Michigan’s adult-use cannabis program is expected to kick off Dec. 1 with about a dozen stores initially, setting into motion a market projected by Marijuana Business Daily to reach $1.4 billion to $1.7 billion in sales a year at maturity.
The launch comes at a time that:
- Nearly eight in 10 municipalities in the state have at least initially decided to opt-out or ban recreational marijuana, including Detroit.
- Pent-up demand has continued to feed a large illicit market.
- Medical marijuana flower is in short supply, and – perhaps partly as a result – the number of registered MMJ patients has declined from a peak of 297,515 in late 2018 to 276,253 as of Nov. 1.
But in a move praised by the cannabis industry, state regulators last week accelerated that timetable with a decision to allow medical marijuana operators to transfer up to half of their inventory to equivalent adult-use facilities.
One vertically integrated medical marijuana operator, Ann Arbor-based Exclusive Brands, reported that it immediately got record orders from retailers scrambling to prepare for the earlier recreational start.
Challenges around inventory and municipality opt-outs
Dispensaries may transfer to adult-use stores only products they’ve had in inventory for at least 30 days.
That’s why dispensaries are scrambling to stock up on additional product so they have enough inventory once they receive their retail licenses.
The program, though, will be limited because of the number of municipalities banning rec, and it’s unclear how long it might take for Michigan’s adult-use market to reach maturity.
As of Nov. 8, 1,393 cities, villages and townships – or 78.5% of the state’s total of 1,773 – had opted out of the rec market.
But Barton Morris, principal attorney of the Cannabis Legal Group in Michigan, said many are just taking their time to decide how many facilities to permit.
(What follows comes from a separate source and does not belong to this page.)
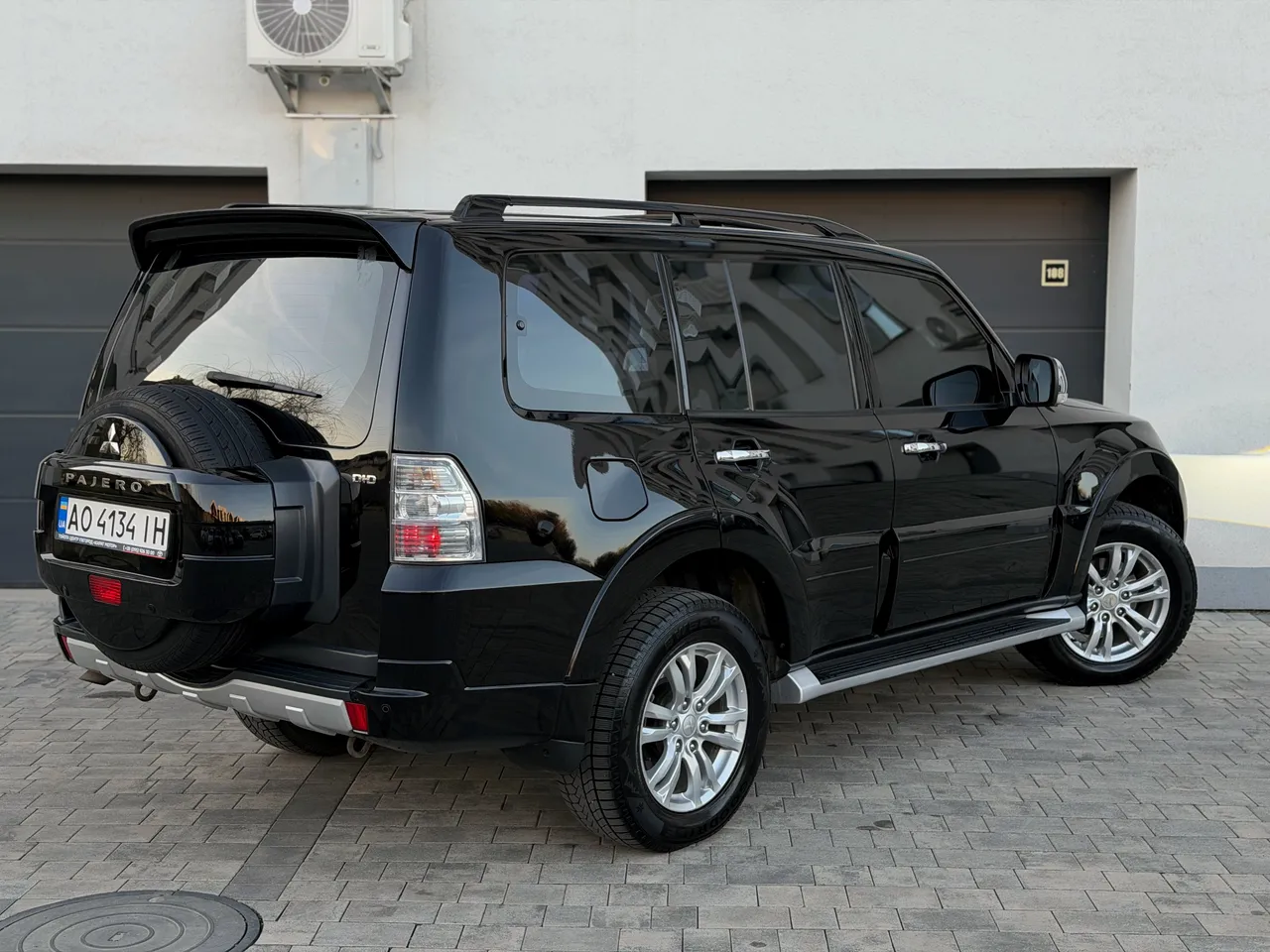 Mitsubishi Pajero - фото 6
Within five years, he said, “I think half (of all townships, villages and cities) will permit it.”
And that, Morris said, will be enough to generate a robust market.
MMJ flower scarcity anxieties
The earlier recreational launch “is definitely welcome news to the industry,” Morris said.
“The No. 1 question I get is, ‘When are the (adult-use) dispensaries opening up?’” he added.
“It’s great, it’s significant that the Marijuana Regulatory Agency (MRA) is (quickly) licensing (recreational) companies.”
The decision to bump up the adult-use launch date was unexpected because of concerns over medical marijuana flower shortages.
But state officials said they want to move as promptly as possible to curtail illicit sales, adding that they believe the formula they developed will result in sufficient flower supply for MMJ patients.
“We want to make sure we tamp down the illicit market, provide access to all sides of the marijuana market,” said MRA spokesman David Harns.
“It’s better to have product available through the regulated market than people going through the illicit market,” he added.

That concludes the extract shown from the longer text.